Капитуляция в чистом поле

Отныне помочь мне был способен один человек в целом свете – Жюльен. Я уже много месяцев не имел вестей от семьи, а родители с их левацкими замашками не смогли бы оказать мне никакой помощи. Какое странное, даже в некотором смысле гнусное ощущение – обращаться за помощью к тому, на кого я еще недавно плевать хотел! На всякий случай я несколько раз набрал телефон Доры, но он был отключен. Заглянул я и в кафе «Курящая кошка» – вдруг там меня дожидается записка? Попытался связаться с несколькими бывшими клиентками, чьи телефоны у меня сохранились. Все до одной посылали меня куда подальше, делая вид, что не знают, кто я такой. Самым неприятным получился разговор с Флоранс, с легкой руки которой я ступил девять лет назад на свой скользкий путь.
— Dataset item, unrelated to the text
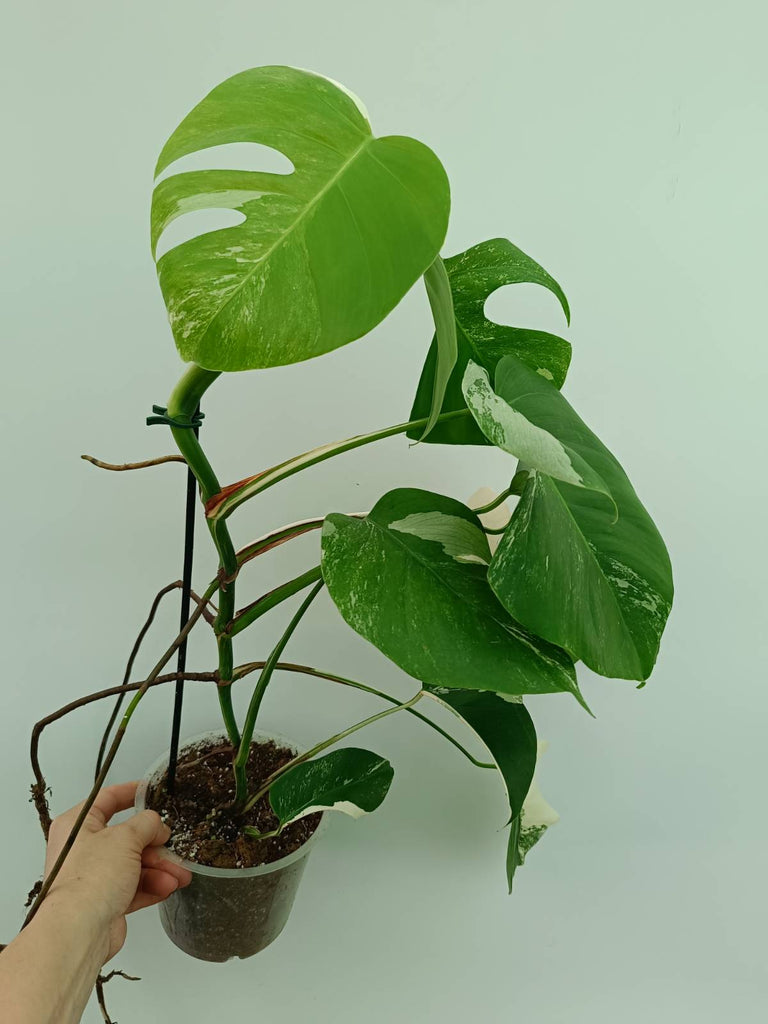 Monstera albo variegata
Она остепенилась, стала бабушкой и уже через несколько секунд швырнула трубку. Стоял декабрь, от холода все, даже дыхание, причиняло мне режущую боль. Исхудавший, наголо выбритый, с землистым лицом, я позвонил в дверь подъезда Жюльена на улице Фонтен в Девятом округе. Таблички с фамилией Жюльена я не нашел, пришлось обратиться к консьержке. Женщина средних лет в фартуке отодвинула занавеску на стеклянной двери.

– Мсье Дранкур больше здесь не проживает, он женился.

– А куда он переехал, вы знаете?

– Нет, мсье.

– Он оставил вам адрес для пересылки его почты?

– Нет, мсье, он доверил это самой почте. Мне очень жаль, я занята.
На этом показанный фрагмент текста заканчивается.